Foto © Jérôme Witz
Long after the sickness
After the withdrawal
Don’t forget to love me after all
(Sophie Hunger – Bad Medication)
Längst steht die seit einigen Jahren in Berlin-Kreuzberg heimisch gewordene Schweizer Künstlerin Sophie Hunger für weit mehr als den lauschigen Songwriter-Pop aus weiter zurückliegenden Zeiten. Spätestens mit dem 2018 erschienenen Molecules, produziert von Dan Carey (Fontaines D.C., Kate Tempest), brach die Sängerin, Multi-Instrumentalistin und Soundtrack-Komponistin aus ihrer Komfortzone aus. Dort bereits starke Elektro-Pop-Elemente mit ihrer intensiven Performance verknüpfend, treibt sie auf dem nun erschienenen Halluzinationen diese Entwicklung noch einen Schritt weiter. „Don’t forget who makes the music“ singt Hunger auf Alpha Venom. Und sie gibt uns im Laufe ihres siebten Soloalbums guten Grund, diesen hohen Anspruch wirklich nicht in Zweifel zu ziehen.
Ebenfalls von Carey produziert, ist eines der vielen Besonderheiten von Halluzinationen, dass sämtliche Songs live und in einem Take aufgenommen wurden – an keinem geringeren Ort als den legendären Londoner Abbey Road Studios. Die Atmosphäre, die Sophie Hunger dann schließlich innerhalb der einzelnen Songs heraufbeschwört, tut diesem Statement dann auch keinen Abbruch, im Gegenteil. Das krautrockige Alpha Venom lässt Hungers ungebündelte Energie auf Electronica-Elemente krachen, während der Titeltrack Halluzinationen, der auch eine Rückkehr der Künstlerin zu deutschsprachigen Texten markiert, sich fiebrig an elektronisch pulsierenden Schockladungen entlang arbeitet. Der Zusammenhang von Einsamkeit und Imagination, der nicht für den produktiven Prozess entscheidend war, sondern auch thematisch in die einzelnen Songs einsinkt, lässt sich dann wunderbar an etwas leichter fließende Stücke wie Bad Medication entdecken.

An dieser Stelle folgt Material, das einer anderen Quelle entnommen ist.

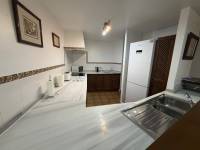 Reventa - Casa - ORIHUELA COSTA - ORIHUELA COSTA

Verspielte Klavierelemente decken sich mit elektronisch angehauchten Rhythmen und Hungers bezaubernder Stimme, die dem Song hier ihren Stempel aus Sehnsucht und Intimität aufdrückt. Dass inmitten dieser kaleidoskopen Vielfalt auch eine Klavierballade wie Rote Beeten aus Arsen Platz findet, ist dann schließlich auch nicht mehr erstaunlich. Es würde tatsächlich einfach nur fehlen.
Auf Halluzinationen fließen Bedeutungsebenen, Rhythmen, Stile, Genres und Sprachen ineinander. Sophie Hunger versteht einfach, wie sie diese zusammenführen und dabei doch eine Illusion der Einheit erzeugen kann. Die Leichtigkeit, mit der ihr genau das gelingt, ist wirklich erstaunlich und markiert einen weiteren Baustein in der kontinuierlichen Entwicklung, die die Künstlerin seit vielen Jahren vorweisen kann. Da ist es schließlich kein Wunder, dass sie bereits mit Größen wie Sharon Van Etten oder PJ Harvey verglichen wird. Auch wenn es bis zu deren Leuchtkraft es vielleicht noch ein Stück Weg ist – Halluzinationen ist ein weiteres bedeutendes Dokument ihrer künstlerischen Ausdrucksstärke.